L’accordo consiste, brevemente, nella possibilità per la Kcube di:

1) Visionare ed analizzare il parco brevetti dei gruppi di ricerca del nostro ateneo e i progetti in corso, in campo farmaceutico;

2) Scegliere quelli che, alla vista di esperti imprenditori, possono rappresentare un campo redditizio di investimento;

3) Investire un capitale per sviluppare quel brevetto o quella linea di ricerca;

4) Aspettare che questo porti a dei risultati commerciali e quindi riempirsi le tasche con il lavoro di ricercatori di un’università pubblica.

In pratica la suddetta Società a Responsabilità Limitata, ha per i prossimi nove anni la possibilità di studiare e tenere sott’occhio i diversi campi di ricerca nella nostra università e appropriarsene arricchendosi.

Eh si, perché sebbene la Sapienza non abbia rischi, ovvero se dovesse fallire l’investimento non ci rimetterebbe un euro, avrà anche essa stessa un massimo del solo 7% dei ricavati!!!!, non specificando nel contratto, quanto di questo sarà destinato a professori, ricercatori e studenti che hanno lavorato alla realizzazione di questi brevetti. Probabilmente niente, se non qualche briciola, a scardinare questa volta anche la retorica autolesionista e schiavizzante del “se non ci sono soldi, ben vengano i privati”.

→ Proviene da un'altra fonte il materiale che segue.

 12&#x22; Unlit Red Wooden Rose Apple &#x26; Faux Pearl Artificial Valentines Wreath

Ebbene si, i privati saranno gli unici a guadagnare effettivamente da quest’accordo. Basti pensare che se Kcube decidesse di vendere la start-up creata per sviluppare un progetto di ricerca, la Sapienza avrà una “quota variabile”, il cui ammontare massimo è del solo 2% dei profitti nel caso si verificasse un plus valore del 500%!!!! (in pratica, se Kcube investe 1000 euro in un brevetto, chiamato nel contratto “prodotto potenziale”, il giorno in cui varrà 500.000, alla Sapienza andranno 10.000 euro alla Kcube 490.000 e solo per aver “creduto” in lavoratori pubblici!)

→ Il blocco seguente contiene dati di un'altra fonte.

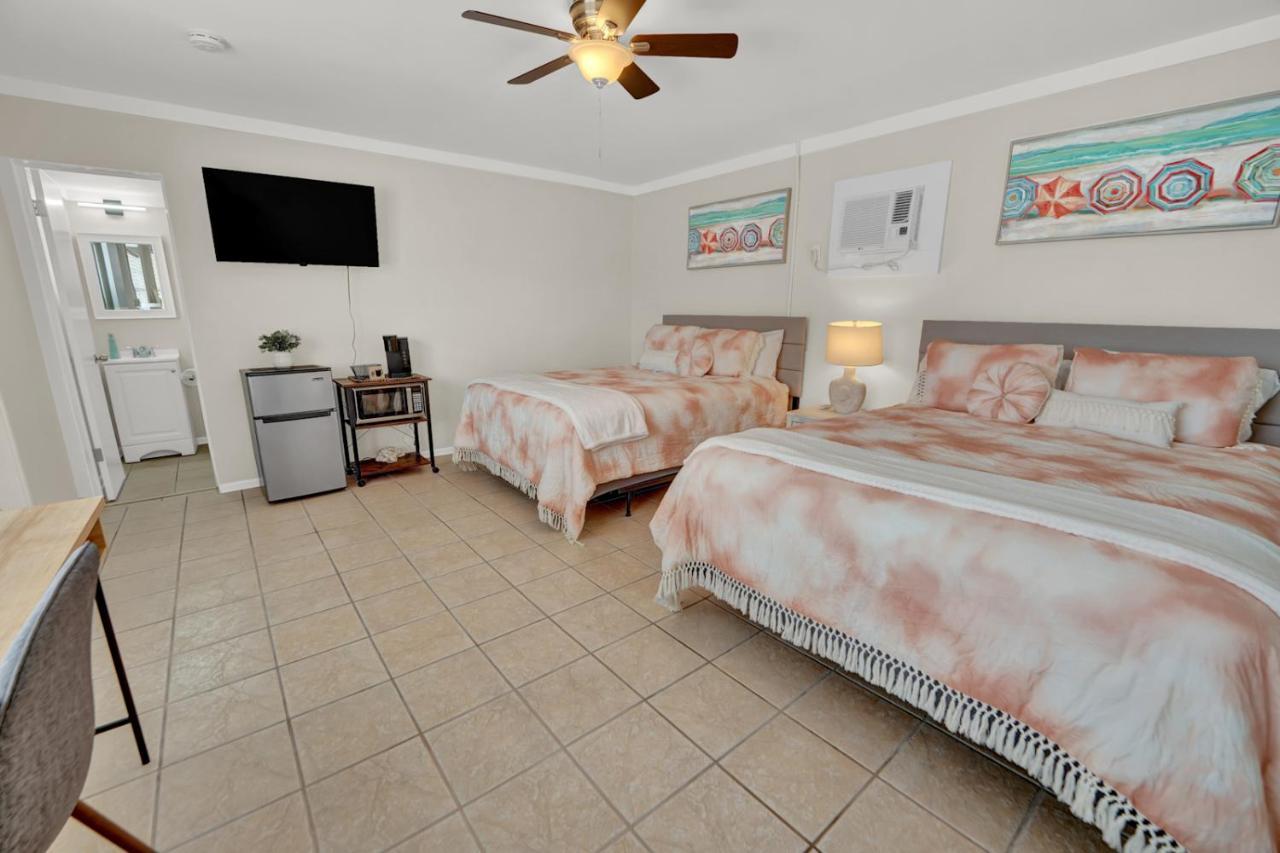Lower Grand Lagoon Sea Foam Suites מראה חיצוני תמונה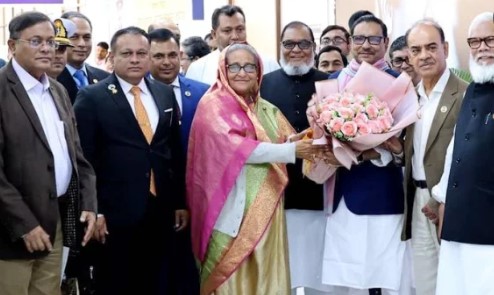 মিউনিখ নিরাপত্তা সম্মেলন শেষে দেশে ফিরেছেন প্রধানমন্ত্রী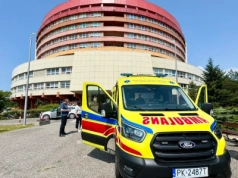 Nowa karetka dializowa dla szpitala w Kaliszu: wsparcie dla 65 pacjentów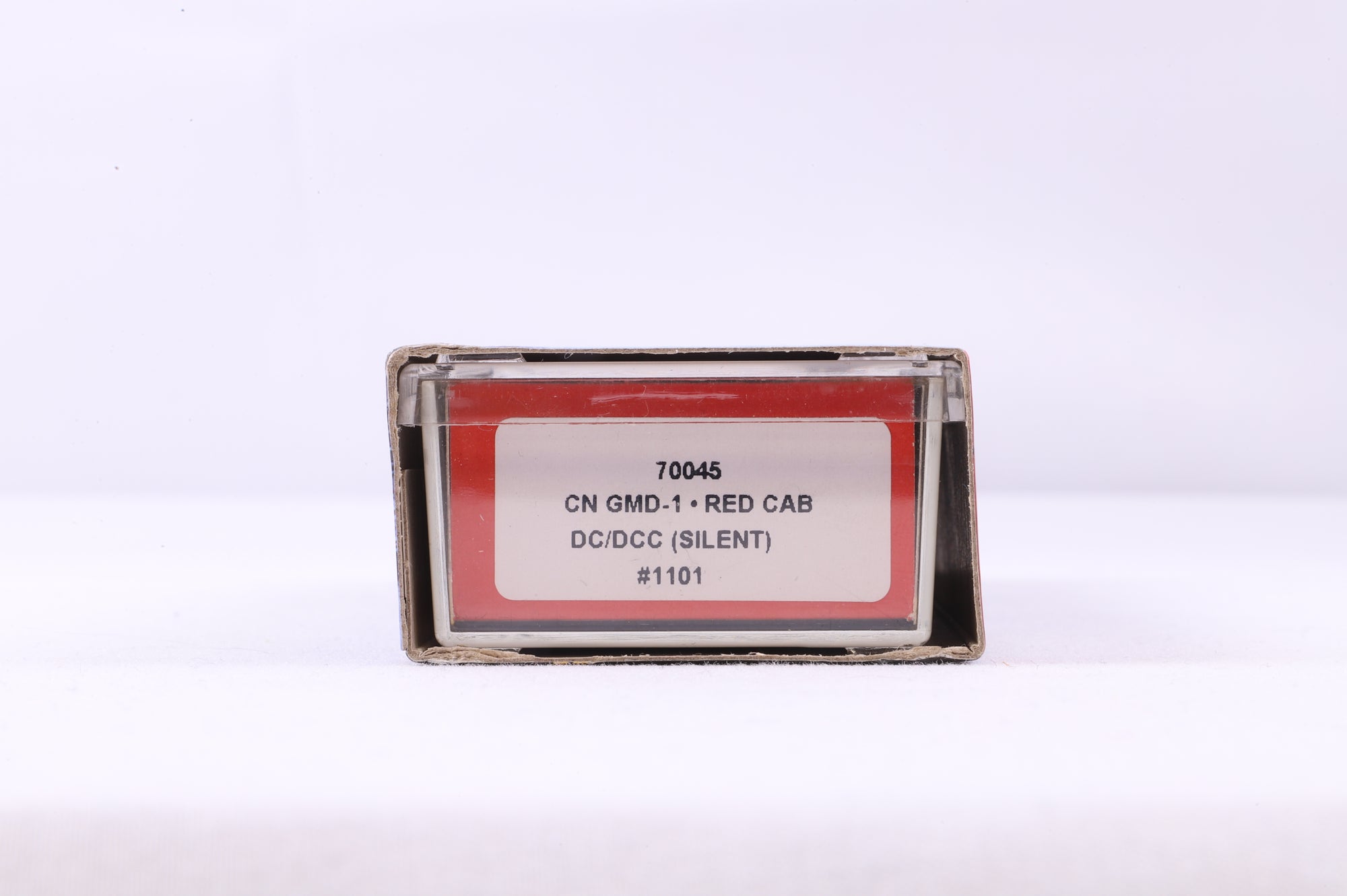 Rapido N 70045 CN GMD-1 Red Cab '1101'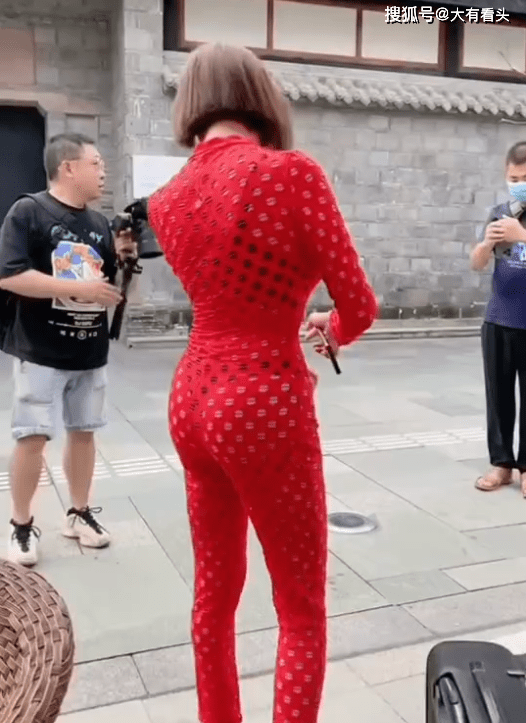 Điều đáng nói là cô mặc trang phục này trong một khu thắng cảnh, thản nhiên đi như người mẫu. Nhìn màu sắc và kiểu trang phục hở hang này, ai đi ngang qua cũng phải ngoái nhìn.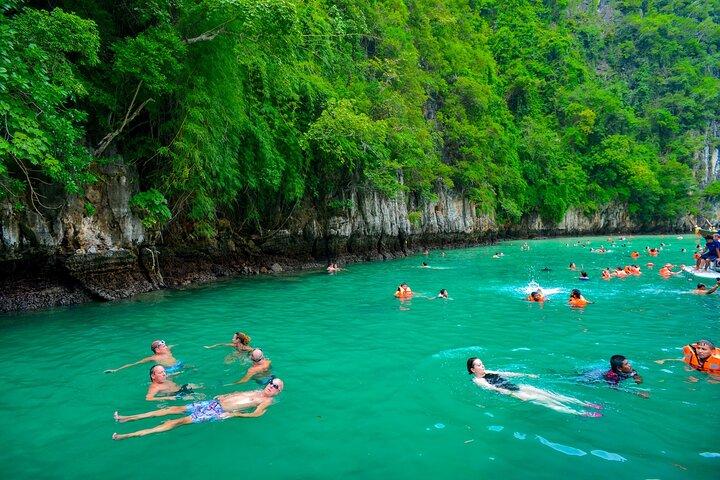 Phi Phi Maya Bay e Bamboo Island em barco de velocidade de Phuket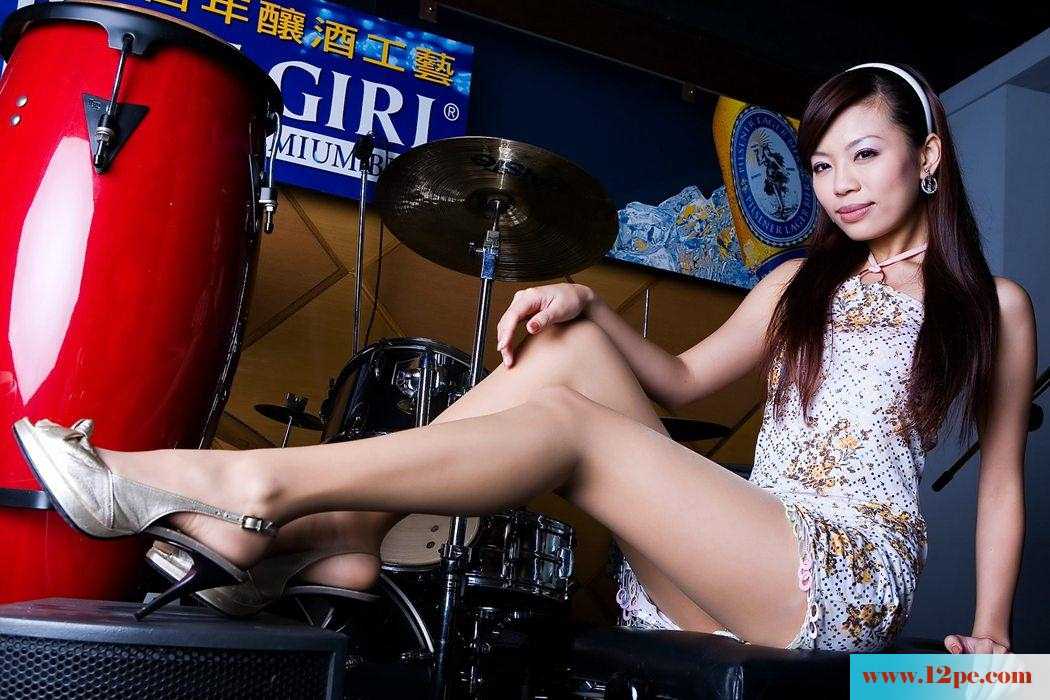 魔鬼身材腿模性感肉丝腿迷人心魂【11P】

Ma la Sapienza ha venduto non solo la sua proprietà intellettuale, ma, per l’ennessima volta, anche il suo spazio fisico, poiché la Kcube potrà utilizzare proprio i locali della città universitaria come quartier generale per studiare le vittime del proprio sciacallaggio.

E così viene favorita ancora una volta la cosiddetta “’immagine della Sapienza nel mondo”, tanto cara al nuovo Rettore, a discapito della libertà professionale ed intellettuale di ricercatori, che possono vendere il loro lavoro in cambio di fondi per portare avanti i propri studi, mettendo così a rischio la libertà lavorativa, di coscienza e di ricerca, dovendo mettere davanti a tutto la commerciabilità e la capacità di rendita economica, schiavi della richiesta di chi viene, col portafogli pieno, nei laboratori a cercare facili proventi.

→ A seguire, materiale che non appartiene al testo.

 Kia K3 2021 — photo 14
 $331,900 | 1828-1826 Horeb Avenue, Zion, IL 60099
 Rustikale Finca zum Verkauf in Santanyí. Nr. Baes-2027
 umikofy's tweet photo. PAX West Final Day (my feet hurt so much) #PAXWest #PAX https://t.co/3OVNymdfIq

Non possiamo accettare quest’ennesima svendita del patrimonio intellettuale pubblico al privato di turno.

Siamo in dovere di contestare ancora una volta un’idea di università dove il messaggio che si vuole far passare è quello di lavorare bene e avere “la grande idea” per mettersi a profitto vendendola al miglior acquirente.

Non possiamo stupirci dello stato di decadenza della ricerca pubblica italiana e della “fuga dei cervelli” se accettiamo e ci prostriamo a questo stato delle cose non combattendolo e cercandolo di cambiare realmente.

Sollecitiamo tutti i papabili ricercatori e studenti, a rifiutarsi di svendere il proprio cervello, idee, capacità come prodotti commerciabili a buon mercato e a riconoscere che, praticamente sempre, ciò che ci spacciano come un’opportunità corrisponde a un mero sfruttamento.